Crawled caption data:
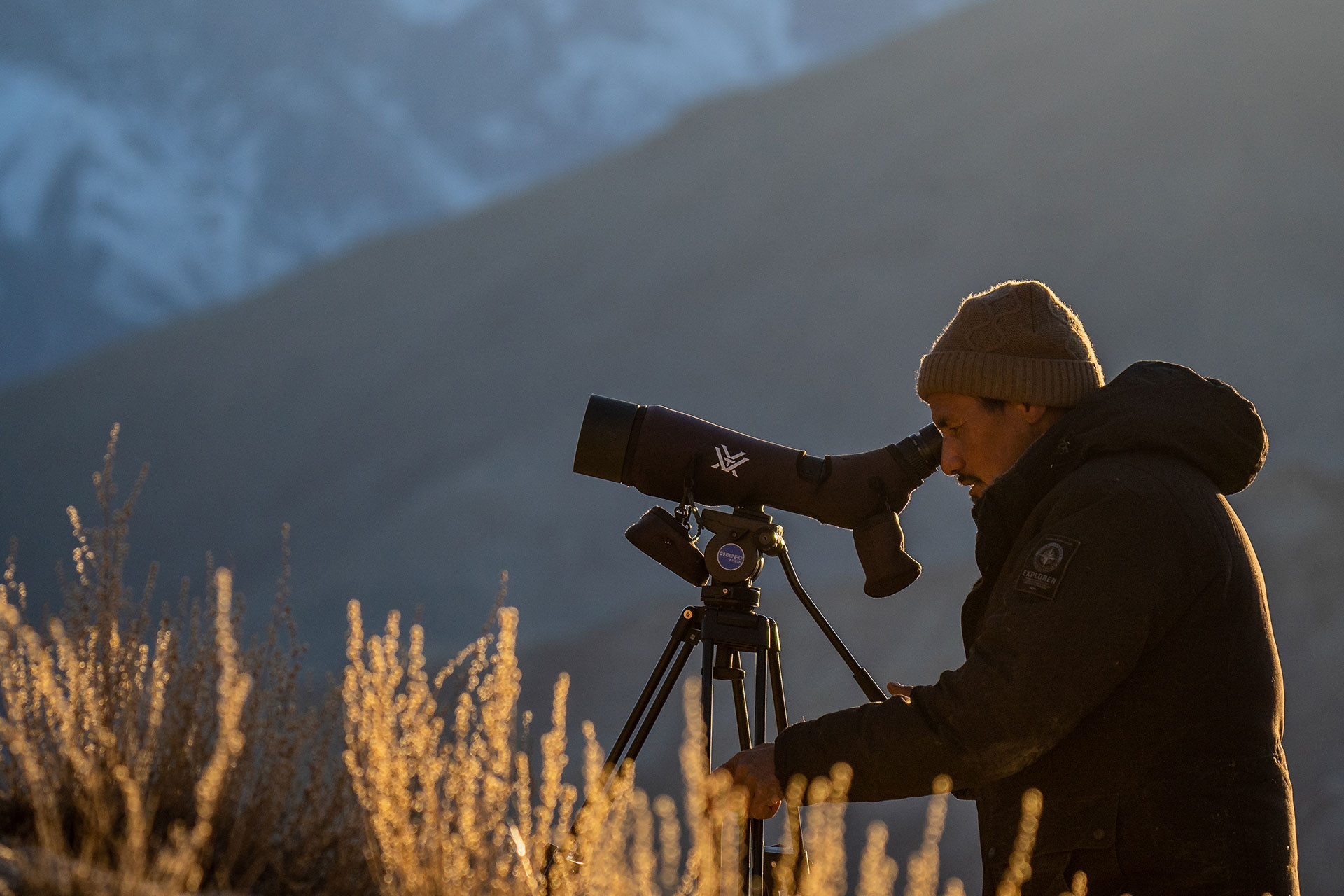      MN          DSC      | Nature Infocus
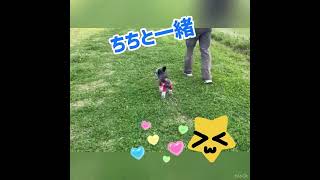 ちわぷーちょびの日常 ちちと一緒💙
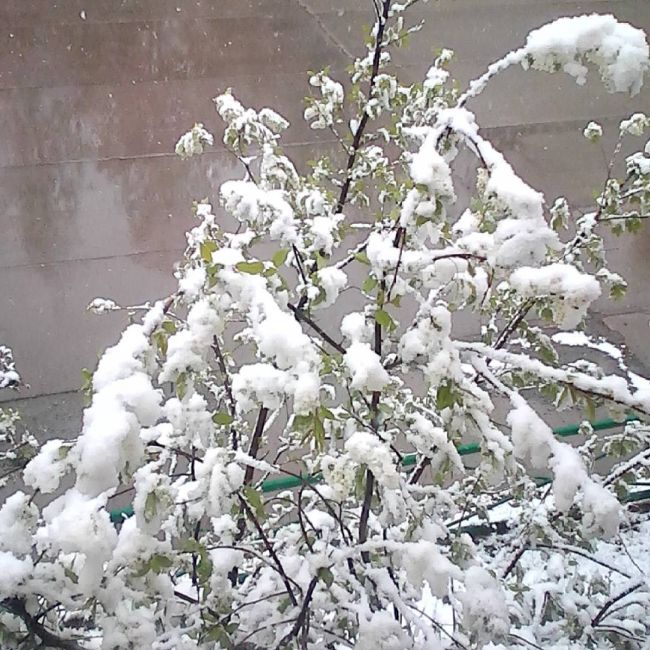 Northern Russia Gets Fresh Snow On The First Day Of Summer (16 pics)
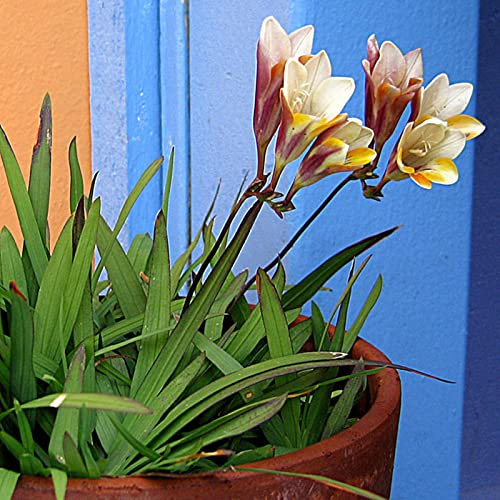 Fresias Bulbos, Fresias Flores Bulbos, De Flores Fresias, Mucha Luz Solar, Bulbos De Fresias, JardíN, De Color Planta, Ulbos OtoñO Bulbos OtoñO Interior PlantacióN Al Aire Libre, 25bulbos-I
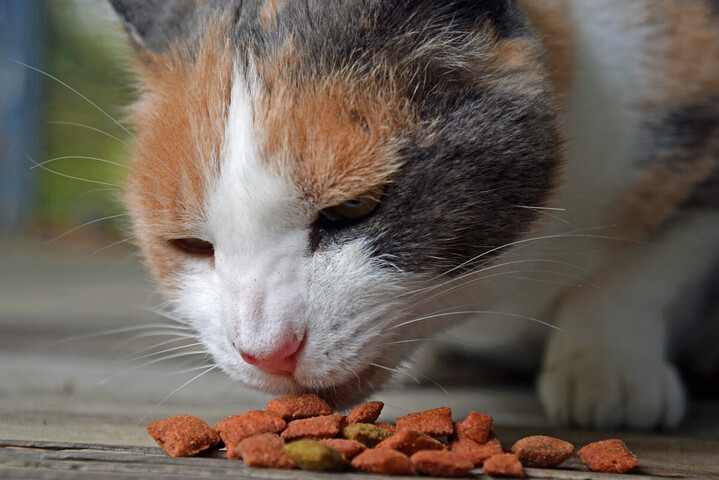 Croquettes, pâtées... Chiens et chats détraquent aussi le climat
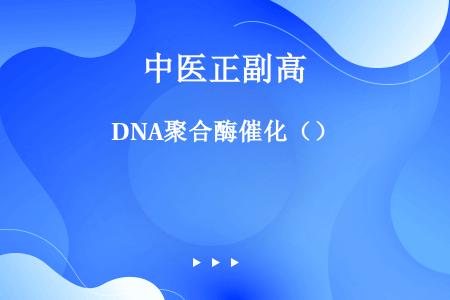 DNA聚合酶催化（）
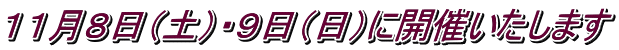 PPWiyjEXijɊJÂ܂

## Work to be completed
Retype the lines starting with the one that holds "Northern Russia Gets" and ending with the last line of the data above, both included; skip the pictures.

## Exercise response
 Northern Russia Gets Fresh Snow On The First Day Of Summer (16 pics)
 Fresias Bulbos, Fresias Flores Bulbos, De Flores Fresias, Mucha Luz Solar, Bulbos De Fresias, JardíN, De Color Planta, Ulbos OtoñO Bulbos OtoñO Interior PlantacióN Al Aire Libre, 25bulbos-I
 Croquettes, pâtées... Chiens et chats détraquent aussi le climat
 DNA聚合酶催化（）
 PPWiyjEXijɊJÂ܂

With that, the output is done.